Brain Cancer is important in the childhood cancer community as it is the leading cause of death in children with cancer, and DIPG is responsible for the majority of those deaths in children each year, yet despite the tragic deaths, no change has been made in standard treatment nor its terminal prognosis in over 50 years. Neil Armstrong’s daughter died of it in 1962, yet we use the same means to treat today; radiation, and palliative care, and the note to “go make memories” before the child dies. The average survival time post-diagnosis, with treatment, is nine months.
One of the difficulties we have in the childhood cancer community today is raising sufficient awareness to the fact that all exclusively pediatric cancers are marginalized as rare and receive inadequate, if any, research funding. DIPG is the 2nd most common pediatric brain cancer, yet if you ever see it in the headlines, it is described in bold print as a “very rare pediatric brain cancer” even though it’s one of the most common. It has become habit in our medical research system and the media which must report on it that these are tragic but incidentally insignificant occurrences unworthy of research investment. In fact, this is commonly heard by DIPG families, at diagnosis and thereafter when we ask questions as to why so little has been done to save these kids in over 50 years; the answer is, invariably, “the numbers aren’t great enough for investors.”
Mr. President, in the most technologically advanced country in the world, and also one of the wealthiest countries in the world, in a country where we pride ourselves for our conservative family values–that our children come first and they are the future–to allow this to continue in full awareness is arguably unconscionable, and quite frankly, it’s an embarrassment. It’s also a disservice to the incredibly gifted scientists who are dedicated to researching causes, conditions, and cures for this disease, to not adequately fund their work which may indeed lead to a cure for all cancer. We are hoping that your heart is reachable when our Congressional leaders are slow to represent us in our most urgent need.
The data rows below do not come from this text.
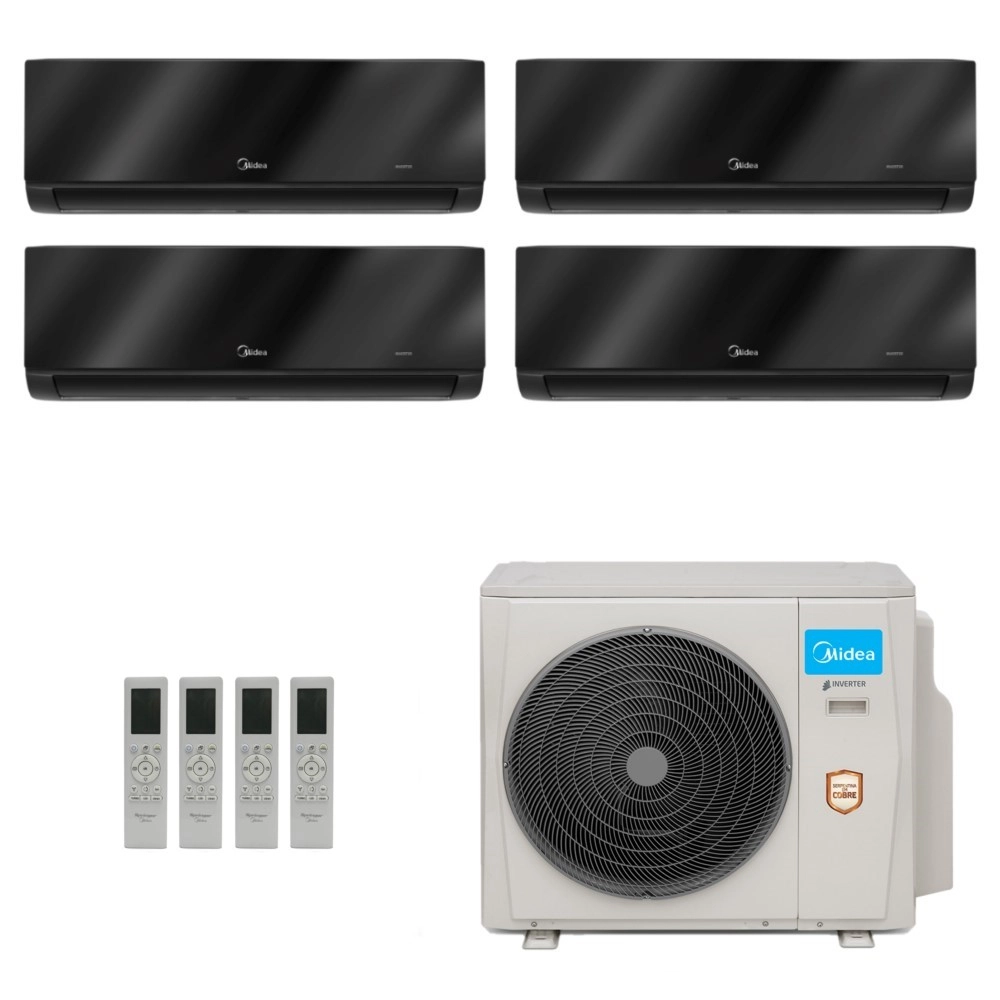 Ar-Condicionado Multi Split Inverter Midea 36.000 (3x Evap HW 9.000 + 1x Evap HW 18.000) Quente/Frio 220V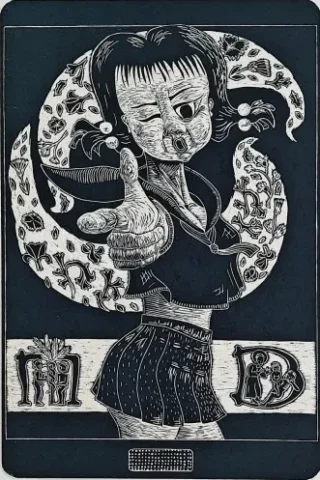 Ascendency - houtsnede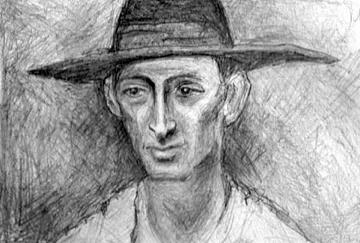 Man in Hat Painting by Gloria Avner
DIPG, diffuse intrinsic pontine glioma, is diffusely infiltrating to the pons area of the brainstem and is inoperable. It has a less than 1% survival rate and most die within a year of diagnosis with treatment. Roughly 350 are diagnosed in our country each year, and incidence is regular and on the rise. No parent should hear that their child’s life has no value to our medical research system, but unfortunately that is a reality to be endured by all of us as we watch our children die in total and complete helplessness. These children walk bravely toward their death while retaining their cognitive function as their bodies decline until respiration ceases. This represents a human tragedy and suffering shared by other childhood cancer families to which our government and industry has turned a blind eye. Whole communities are affected when a child is so afflicted; the emotionally devastated cannot be counted.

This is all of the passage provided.